Blues Funeral’s debut album The Search is an unexpected idea that will catch the listener off-guard at first hearing with progressive guitar harmonies that stand out unapologetically from a cloud of 70’s psychedelic dust. This surprising contrast is taken to abysmal levels throughout the album, which is as strange as it is musically rich. The combination of vintage rock and progressive metal is in itself contradictory, given the former’s hypnotically repetitive nature and the latter’s dynamic and melodic tendencies. Yet, against all odds, Houston’s Blues Funeral managed to find equilibrium between these two forces and deliver a musical proposal that makes sense.

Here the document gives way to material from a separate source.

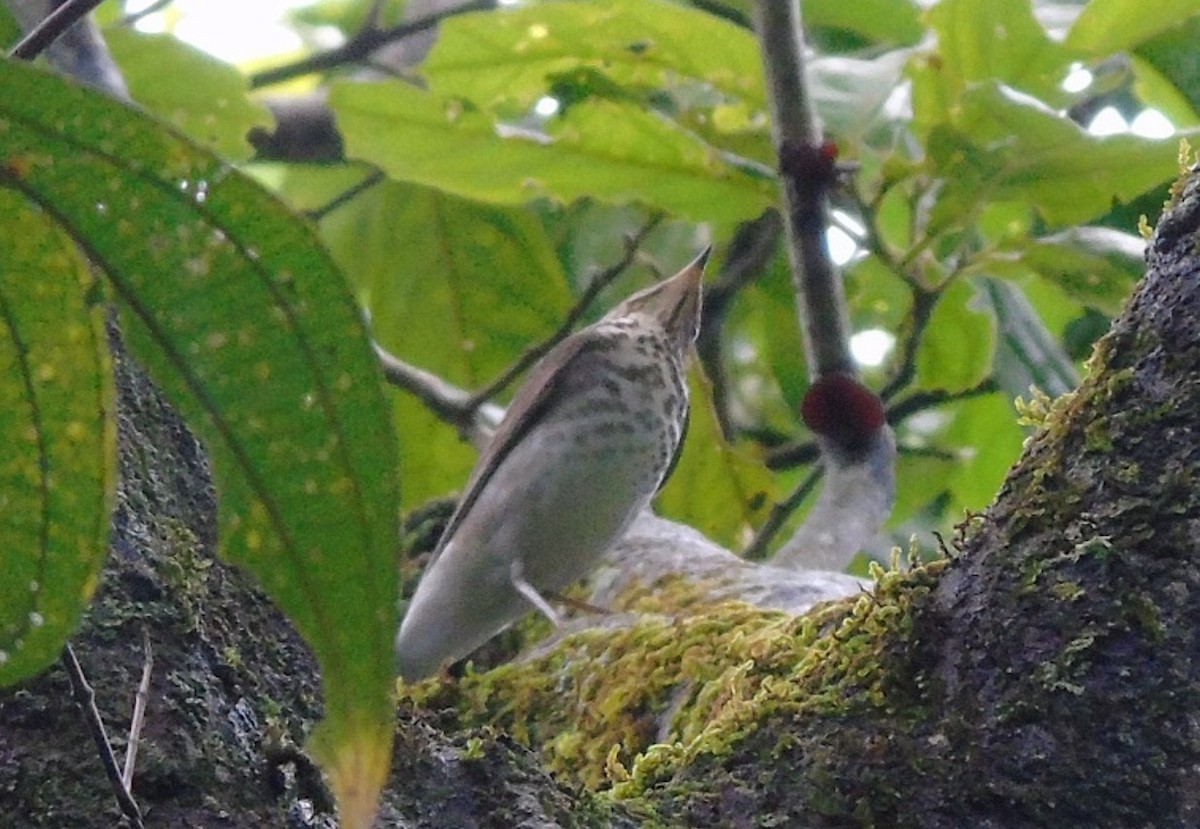 Swainson's Thrush - ML117823811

This album shows its true nature from the first song, Autumn Dream, with a long intro that unleashes the play of the two guitars slowly and calmly growing towards a crescendo, while the drums reveal the band’s vintage foundation with a bluesy rhythm, and a distinct bass joins the string harmony, bringing the track to a succession of verses evocative of early heavy metal. The appearance of the organ early in this song sets the mood for a journey back in time, while the clean singing energizes the atmosphere with a powerful and evidently trained voice and vocal harmonies in strategic places.
The second track, Harbinger, begins like a typical 80’s heavy metal song, with repetitive patterns of riffs and verses, but takes a crazy turn towards the middle with the clinking of bells and a brilliant and complex dynamic of rhythms and harmonies. Vocals appear more evident in the third track, Planet Void, where the main vocalist shows his wide range and a style that is normally found in power/prog bands, while being easy on the ears, yielding a natural and effortless impression. The progressive genius continues in the fourth track, Paragon of Virtue, a mellow song that changes unexpectedly towards the end, and paves the way for the track called The Search, which is the album’s opus magnum and has a duration of almost ten minutes.
In the track The Search, the blues influence is apparent in the rhythm, guitars and singing after a tasteful short intro of heavy guitars. The organ returns with full force with that old circus music tinge reminiscent of The Doors, playing throughout the song relentlessly and underlying a long groovy guitar solo. The last track, Palmdale, breaks the pattern of the album with a faster beat, a grungy, noisy sound in the guitars and drums and raspy, more aggressive vocals.
Overall, The Search is an objectively good album. Music enthusiasts of all walks of life could appreciate the great musicianship in its guitar riffs and solos, note patterns and careful composition of each song as well the success that was the integration of genres that normally would have nothing to do with each other. The lyrics are well-written and contain rich poetic language with plenty of metaphors, telling little dark stories, while the vocals are easy to assimilate although not quite distinctive or unique. The slow tempo and simple drumming keep the music grounded on its vintage roots, while the guitars add the complex and variable element of the more modern and melodic metal sphere.